06/11/2026
OPEC is basically the oil market’s supply committee.
It does not control demand.
It does not control every barrel of oil in the world.
But it can influence supply by coordinating how much oil its member countries produce.
That matters because oil prices are mostly driven by a simple tension:
-Demand keeps growing with transportation, shipping, manufacturing, defense, AI data centers, and global development.
-Supply is harder to bring online.
-OPEC and OPEC+ try to manage this by setting production targets. When prices are weak, they can cut production to support the market. When prices are high or politically sensitive, they can increase production to calm things down. OPEC+ says these adjustments are meant to support oil market stability.
But here is the part most people miss.
A production target is not the same as actual oil hitting the market.
If a country says it will produce more oil, that oil still has to be drilled, transported, shipped, insured, refined, and delivered.
That is where geopolitics matters.
When shipping chokepoints get disrupted, pipelines become more important. When countries leave or challenge OPEC discipline, supply coordination becomes harder.
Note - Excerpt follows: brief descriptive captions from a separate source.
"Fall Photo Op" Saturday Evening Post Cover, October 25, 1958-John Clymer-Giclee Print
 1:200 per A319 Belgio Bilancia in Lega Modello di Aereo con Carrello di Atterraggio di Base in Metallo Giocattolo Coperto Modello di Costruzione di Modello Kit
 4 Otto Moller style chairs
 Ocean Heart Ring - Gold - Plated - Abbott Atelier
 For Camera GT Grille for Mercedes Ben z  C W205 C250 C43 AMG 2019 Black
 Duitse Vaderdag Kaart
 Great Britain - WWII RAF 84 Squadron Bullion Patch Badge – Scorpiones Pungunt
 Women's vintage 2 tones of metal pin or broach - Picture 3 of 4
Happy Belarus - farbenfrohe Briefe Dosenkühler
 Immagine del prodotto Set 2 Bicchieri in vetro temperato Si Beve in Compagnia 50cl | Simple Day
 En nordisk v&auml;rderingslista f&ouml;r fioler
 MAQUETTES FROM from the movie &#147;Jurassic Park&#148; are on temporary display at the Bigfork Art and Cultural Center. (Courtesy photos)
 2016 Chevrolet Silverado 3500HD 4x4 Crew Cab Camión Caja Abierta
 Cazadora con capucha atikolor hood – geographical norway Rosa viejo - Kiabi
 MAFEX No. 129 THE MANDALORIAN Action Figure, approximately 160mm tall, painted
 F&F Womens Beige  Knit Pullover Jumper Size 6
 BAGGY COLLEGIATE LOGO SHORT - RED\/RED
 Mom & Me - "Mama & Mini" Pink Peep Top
When years of underinvestment meet rising demand, the system has less slack.
This is why I’m still structurally bullish on oil.
Not because prices go up every month.
But because the world keeps needing more energy (need to power the AI needs) while the supply side keeps getting more complicated.
OPEC can influence the market.
But it cannot magically create cheap, secure, deliverable oil overnight.
That is why oil and gas still deserve attention as part of a broader real asset strategy.
Not as a short term trade.
As an inflation hedge, income opportunity, and exposure to a world that still runs on energy.